De la centralité de l'icône à son rejet puis à sa justification
Au sein de la culture romano-byzantine des IVe-Ve siècles les représentations symboliques du Christ et de la Trinité sont conçues comme une règle en conformité avec les références bibliques : « Tu ne feras pas d'idole ni aucune image des cieux et tu ne te prosterneras pas devant eux » (Exode) ; « l'heure vient, et elle est déjà venue, où les vrais adorateurs adoreront le Père en esprit et en vérité ; car ce sont là les adorateurs que le Père demande.
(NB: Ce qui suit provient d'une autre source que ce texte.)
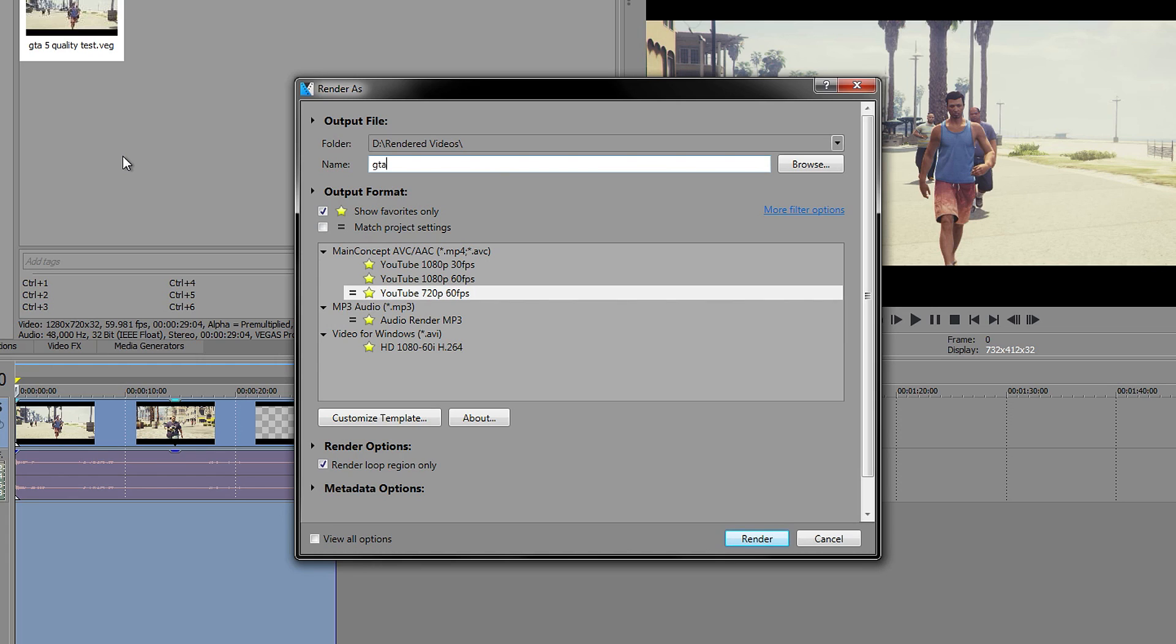Let's call it GTA 5 Quality Test HD, and then render.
Dieu est Esprit, et il faut que ceux qui l'adorent l'adorent en esprit et en vérité » (Jn, 4, 23-24). Ainsi, trois animaux sont-ils privilégiés : l'agneau représente la crucifixion de l'innocent, Jésus ; la colombe représente l'Esprit-Saint ; le poisson représente le Christ, car les lettres du mot grec –ichtus-sont reprises pour les initiales de l'expression Iesous Christos Théou Yios (« Jésus-Christ Fils de Dieu Sauveur »).
Au cours des deux siècles suivant, cependant, l'icône figurant une personne acquiert une importance croissante, tant du point de vue religieux que du point de vue politique. Les fidèles chrétiens y voient un moyen de se rapprocher de la divinité. Une partie du clergé les encourage dans ces manifestations de dévotion. Dans l'espace profane, les autorités politiques utilisent, par ailleurs, la représentation figurée comme dans le cas du monnayage .
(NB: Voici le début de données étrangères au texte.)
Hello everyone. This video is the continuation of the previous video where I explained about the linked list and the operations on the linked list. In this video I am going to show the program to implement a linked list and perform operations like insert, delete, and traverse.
Léon III introduit une rupture dans cette tendance. En 725, il lance une campagne contre les images en cherchant à obtenir une caution religieuse. Les évêques Jean de Synades, Constantin de Nakolea et Thomas de Claudiopolis appuient cette démarche. Le patriarche Germanos[2] , en revanche, refuse de signer le décret de condamnation des images figuratives mais, le 7 janvier 730, il est contraint à la démission. L'empereur poursuit sa politique jusqu'en 741, sans recourir à la force. Son successeur, Constantin V, franchit un pas supplémentaire lors du concile de Hiéréia, du nom du palais suburbain de Constantinople où les pères conciliaires se réunissent, en l'absence du pape et des patriarches d'Antioche, de Jérusalem et d'Alexandrie. Les actes, dont les originaux ont été perdus, contiennent la position doctrinale suivante : par rapport à l'eucharistie conçue comme le « corps du Christ », l'image figurative est incapable de rendre compte de la nature divine de Jésus. Les pères conciliaires tolèrent cependant la croix comme symbole. En arrière-plan de cette politique iconoclaste se joue un affrontement entre l'empereur et les moines qui lui contestent sa prétention à se dire le représentant du Christ sur la terre. Constantin V s'attaque directement aux signes qui marquent l'état monastique : les barbes des moines sont brûlées à la poix, leurs habits noirs sont appelés « habits des ténèbres », les biens monastiques sont confisqués et parfois vendus.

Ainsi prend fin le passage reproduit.